The ObjectAllocator replaces the GenericAllocator to provide two important improvements:

  • It supports ReadOnlySpan<byte> keys. With this change Tsavorite now uses only ReadOnlySpan<byte> keys; the Garnet processing layer uses PinnedSpanByte keys initially, which are converted to ReadOnlySpan<byte> at the GarnetApi/StorageSession boundary. (The GenericAllocator did not support SpanByte keys.)
  • It replaces the separate managed array of GenericAllocator with native allocations for the log pages, exactly like SpanByteAllocator.

Tsavorite provides two primary allocators:

  • Strings are stored in a version of TsavoriteKV that uses a SpanByteAllocator.
  • Objects are stored in a version of TsavoriteKV that uses an ObjectAllocator. This is also the "unified allocator" used by Garnet.

The former BlittableAllocator is now the TsavoriteLogAllocator, used only by the TsavoriteLog.

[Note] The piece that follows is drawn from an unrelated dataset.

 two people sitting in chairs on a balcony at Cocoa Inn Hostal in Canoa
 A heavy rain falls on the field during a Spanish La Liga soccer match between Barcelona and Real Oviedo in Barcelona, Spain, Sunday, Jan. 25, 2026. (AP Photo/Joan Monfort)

One big difference between the two is that SpanByteAllocator allows larger pages for strings, while ObjectAllocator allows using a smaller page size because objects use only 4 byte identifiers in the inline log record. Thus, the page size can be much smaller, allowing finer control over Object size tracking and memory-budget enforcement. Either allocator can also set the Key and Value max inline sizes to cause the field to be stored in an overflow allocation, although this is less performant.

Two Log Files

ObjectAllocator supports two log files simlarly to GenericAllocator. However, GenericAllocator was limited to a fixed 100MB buffer size for object serialization. ObjectAllocator uses a circular buffer system, currently 4 buffers of 4MB each, and writes one to disk while populating the next (or reads the following buffers from disk while processing the current one, e.g. deserializing objects.

The key points in the code here are AsyncWrite, AsyncRead, AsyncGetFromDisk, and iterators. The basic flow is:

  • Flush:
    • This is AsyncFlushPagesForReadOnly and Checkpointing. AsyncFlushPagesForReadOnly is a loop on partial or complete pages; it creates a CircularDiskWriteBuffer that is reused throughout the entire call to AsyncFlushPagesForReadOnly, for all the partial ranges. The main driver is an ObjectLogWriter, which handles writing for Overflow (large, out-of-line allocations that are byte[]; this writing is optimized to minimize copies) strings and serialization of objects. The basic operation of the circular buffer is to track the current DiskWriteBuffer's current position, last flushed position, and end position (e.g. if it ends in the middle of a segment).
  • Read:
    • This may be either AsyncGetFromDisk for RUMD operations or Scan, either for iteration or recovery. Similar to Flush, it creates a CircularDiskReadBuffer composed of multiple DiskReadBuffers, and issues disk reads ahead of the operation on the buffer (such as object deserialization).

Adaptive Fields in LogRecord

When we serialize a LogRecord to disk, as we write the object log file we also modify the disk-image of the LogRecord (but, importantly, do not modify the length of the logRecord, to keep the LogicalAddress space consistent) to maintain a "pointer" and length in the ObjectLog file:

  • We record the position in the Log file in the ObjectLogPosition ulong that is allocated for the record when we specify non-inline.
  • We reuse the ObjectId space for the length of that field. For Value objects, we also use the top byte of the ObjectLogPosition field, giving a total of 40 bits or 1 TB of address for a single object, and 72 PB for the entire object log.

ObjectIdMap Remapping

The ObjectAllocator carries a second ObjectIdMap, a transient one intended for IO and iterator and pending operations. (These are the same scenarios that embed a LogRecord into a DiskLogRecord.) In these cases we remap the ObjectIds in the temporary image to use the TransientObjectIdMap, so pages can be evicted and their ObjectIdMaps reused.